Business clients are still getting their head around the cloud.
I suspect that most of us regularly forget that many of our peers in IT, let alone those on the business-side, are not actively aware of trends in technology. Many of the very smart people in this room were still looking for 100-level information on cloud concepts. One attendee, when talking about Wikileaks, said that if you don’t want your data stolen, don’t put it online. I completely disagree with that perspective, as in the case of Wikileaks and plenty of other cases, data was stolen from the inside. Putting data into internet-accessible locations doesn’t make it inherently less secure. We still have to get past some basic fears before we can make significant progress in these discussions.

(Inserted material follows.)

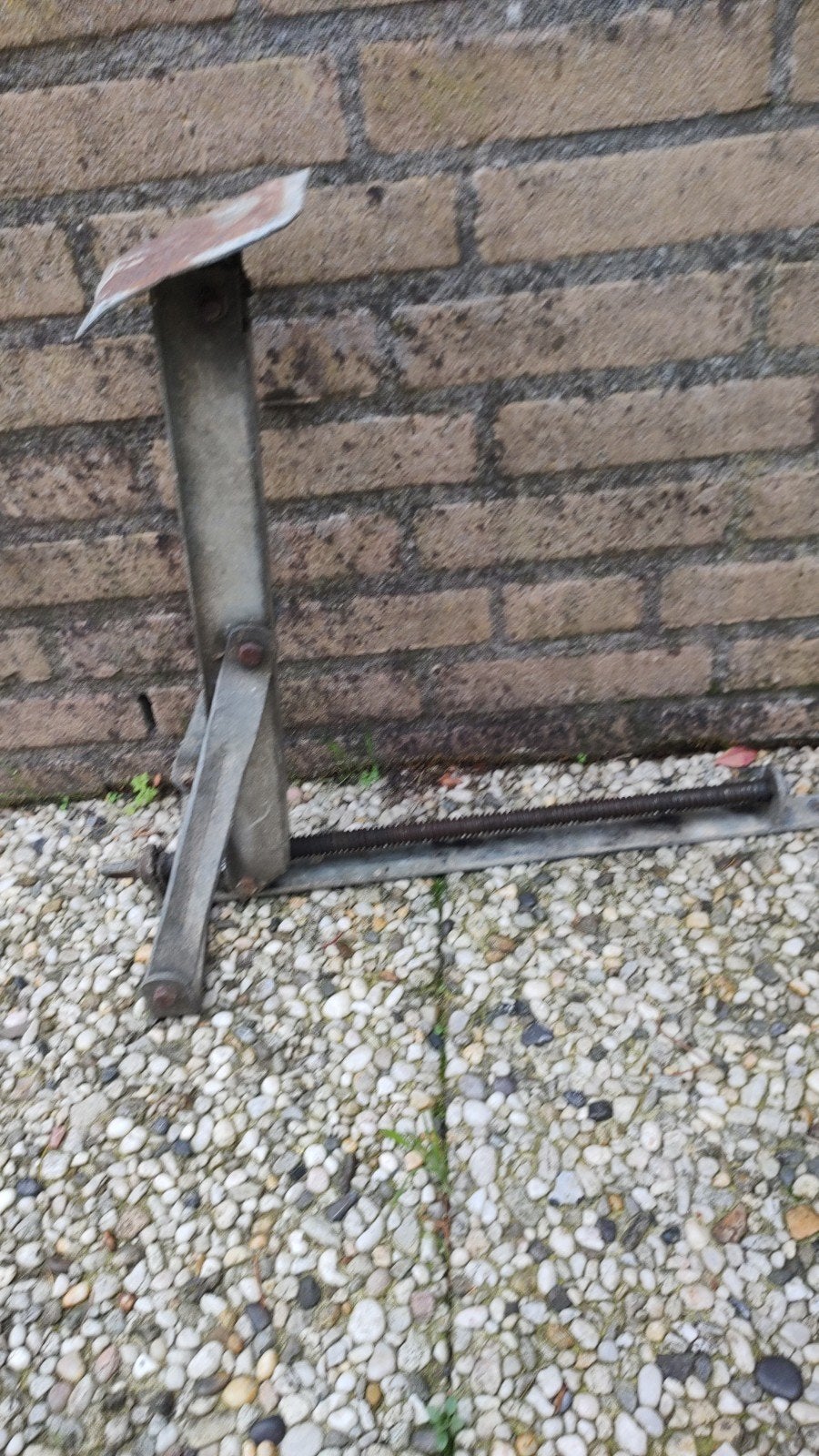4 x uitdraaibare caravan/ aanhanger steunen.
€ 30-- per stuk, Caravans en Kamperen, Ophalen of Verzenden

“Cost savings” was brought up as a reason to move to the cloud, but it seems that most modern thinking is that if you are moving to the cloud to purely save costs, you could be disappointed. I highlighted speed to market and self-service provisioning as some of the key attractions that I’ve observed. It was also interesting to hear the lawyers discuss how the current generation views privacy and sharing differently and the rules around what data is accessible may be changing.
Another person said that they saw the cloud as a way to consolidate their data more easily. I actually proposed the opposite scenario whereas more choice, and more simplicity of provisioning meant that I now have MORE places to store my data and thus more places for our lawyers to track. Adding new software to internal IT is no simple task so base platforms are likely to be used over and over. With cloud platforms (I’m thinking SaaS here), it’s really easy to go best-of-breed for a given application. That’s a simple perspective, as you certainly CAN standardize on distinct IaaS and SaaS platforms, but I don’t see the cloud ushering in a new era of consolidation.
One attendee mentioned how “cloud” is just another delivery system and that it’s still all just Oracle, SAP or SQL Server underneath. This reflects a simplistic thinking about cloud that compares it more to Application Service Providers and less like multi-tenet, distributed applications. While “cloud” really is just another delivery system, it’s not necessarily an identical one to internal IT.
It’s not all basic thinking about the cloud as these teams are starting to work through sticky issues in the cloud regarding provider contracts that dictate care, custody and control of data in the cloud. Who is accountable for data leaks? How do you do a “hold” on records stored in someone’s cloud? We discussed that the client (data owner) still has responsibility for aspects of security and control and can’t hide behind 3rd parties.
Better communication is needed between IT and legal staff
I’ll admit to often believing in “ask for forgiveness, not permission” and that when it comes to the legal department, they are frequently annoyingly risk-averse and wishy washy. But, that’s also simplistic thinking on my own part and doesn’t give those teams the credit they deserve for trying to protect an organization. The legal community is trying to figure out what the cloud means for data discovery, custody and control and need our help. Likewise, I need an education from my legal team so that I understand which technology capabilities expose us to unnecessary risk. There’s a lot to learn by communicating more openly and not JUST when I need them to approve something or cover my tail.